In case you hadn't noticed, what makes animated films work is not the animation but the writing. Check out "South Park" and "The Simpsons" if you don't believe me. Or "Toy Story 2" or, to get right down to it, "Shrek." Wonderful writing in all of them, so good that whatever the quality of the animation (brilliant in the films, hardly there in the television shows) the films speak to us through their scripts.
But writers are put under a great strain when they're asked to write sequels, because studios are desperate to cash in on the success of the originals. Think about it: here they've expended their creative energy on the original script, and now they're being asked to do it all again, to keep it the same, only different this time. Well, thanks. Occasionally the sequel will be better than the original, as "Toy Story 2" was better than "Toy Story," but for the most part all we can hope for is that the second film won't be too much of a letdown from the first.
Which brings us to "Shrek 2," which though it necessarily lacks the originality of "Shrek," has enough wit and invention to keep us interested and even amused. Shrek and Fiona (voiced by Mike Myers and Cameron Diaz) are married now, and get an invitation to visit her parents, the king and queen of Far Far Away land. But the king (John Cleese) has a hidden agenda. He is in league with the Fairy Godmother (Jennifer Saunders from Ab Fab), who has a son, Prince Charming (Rupert Everett) who she thinks by rights should be Fiona's husband and inherit the kingdom. The story takes us through the making and unmaking of the various plots and counterplots that everyone is involved in.

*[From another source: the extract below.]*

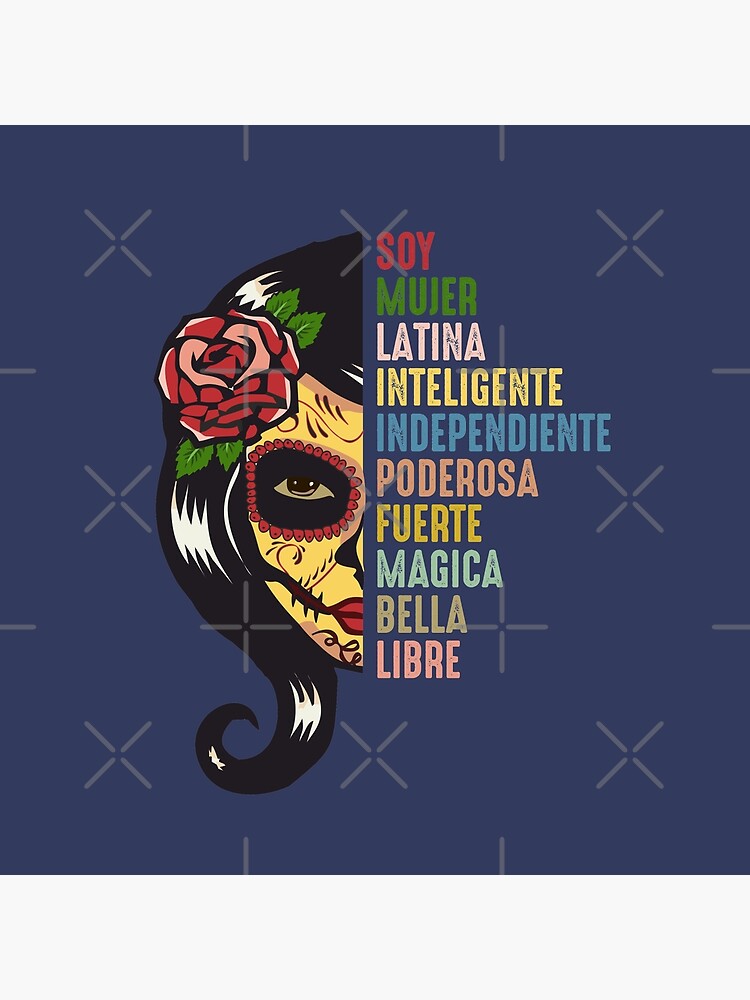 Soy Mujer Latina Chingona Red Rose In Hair Inspirational Quote Throw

Eddie Murphy as the donkey is back, and his endless riffs are just as good as they were in the original. The writers have added a wonderful new character, Puss in Boots (marvelously voiced by Antonio Banderas in full Zorro mode), who becomes an ally to the good guys. Even the Gingerbread Man has a literally big role to play, in a scene right out of "The Princess Bride." The film is full of homages to other movies and cultural icons. The land of Far Far Away is unnervingly like Los Angeles, even to the gigantic sign on the hillside announcing its name. And Rodeo Drive has never looked so good. As in the first film the incidental jokes, put in for the benefit of the adults in the audience, are sharp and to the point. Even better, there are some new songs - that is, covers of great old songs like David Bowie's "Changes" - that are used in context and work brilliantly.
A couple of caveats: Saunders, as the Fairy Godmother, doesn't have enough personality in her lines to be the wickedly vicious villain we want her to be. And Cleese's character is underwritten; he's too much of a milquetoast for Cleese to take advantage of his role. But the film is not a disappointment, which is all we can ask.